Object2Vec¶

The Amazon SageMaker Object2Vec algorithm.

class sagemaker.Object2Vec(role, train_instance_count, train_instance_type, epochs, enc0_max_seq_len, enc0_vocab_size, enc_dim=None, mini_batch_size=None, early_stopping_patience=None, early_stopping_tolerance=None, dropout=None, weight_decay=None, bucket_width=None, num_classes=None, mlp_layers=None, mlp_dim=None, mlp_activation=None, output_layer=None, optimizer=None, learning_rate=None, negative_sampling_rate=None, comparator_list=None, tied_token_embedding_weight=None, token_embedding_storage_type=None, enc0_network=None, enc1_network=None, enc0_cnn_filter_width=None, enc1_cnn_filter_width=None, enc1_max_seq_len=None, enc0_token_embedding_dim=None, enc1_token_embedding_dim=None, enc1_vocab_size=None, enc0_layers=None, enc1_layers=None, enc0_freeze_pretrained_embedding=None, enc1_freeze_pretrained_embedding=None, **kwargs)¶

Bases: sagemaker.amazon.amazon_estimator.AmazonAlgorithmEstimatorBase

Object2Vec is Estimator used for anomaly detection.

This Estimator may be fit via calls to fit().
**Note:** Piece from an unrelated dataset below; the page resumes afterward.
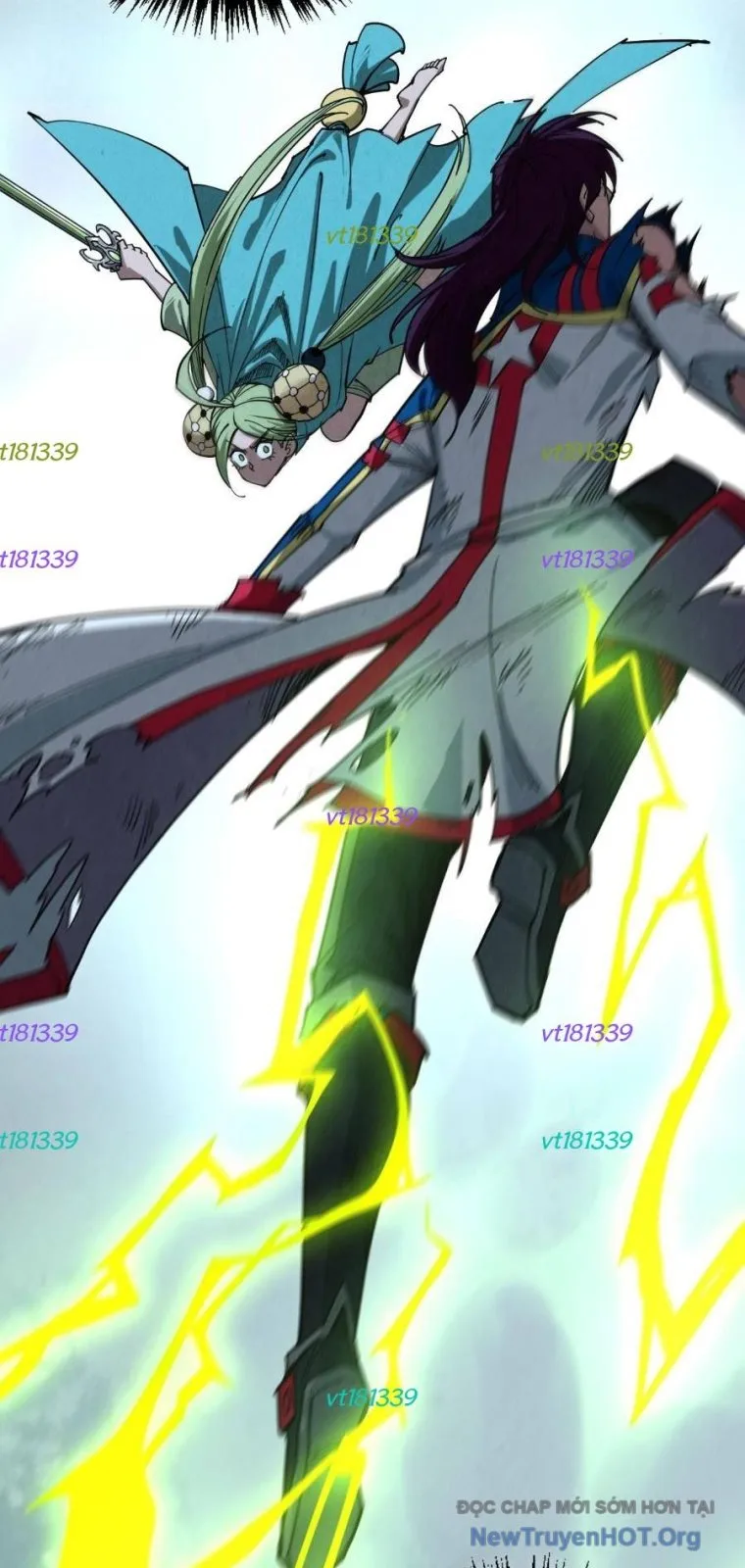 Chapter 457 - Image 5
There is an utility record_set() that can be used to upload data to S3 and creates RecordSet to be passed to the fit call.
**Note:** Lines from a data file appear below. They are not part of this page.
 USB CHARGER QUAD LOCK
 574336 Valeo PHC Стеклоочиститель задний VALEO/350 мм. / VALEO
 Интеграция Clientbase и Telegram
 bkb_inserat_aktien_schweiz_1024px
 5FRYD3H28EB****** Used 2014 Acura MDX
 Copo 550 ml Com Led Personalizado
After this Estimator is fit, model data is stored in S3. The model may be deployed to an Amazon SageMaker Endpoint by invoking deploy(). As well as deploying an Endpoint, deploy returns a RealTimePredictor object that can be used for inference calls using the trained model hosted in the SageMaker Endpoint.

Object2Vec Estimators can be configured by setting hyperparameters. The available hyperparameters for Object2Vec are documented below.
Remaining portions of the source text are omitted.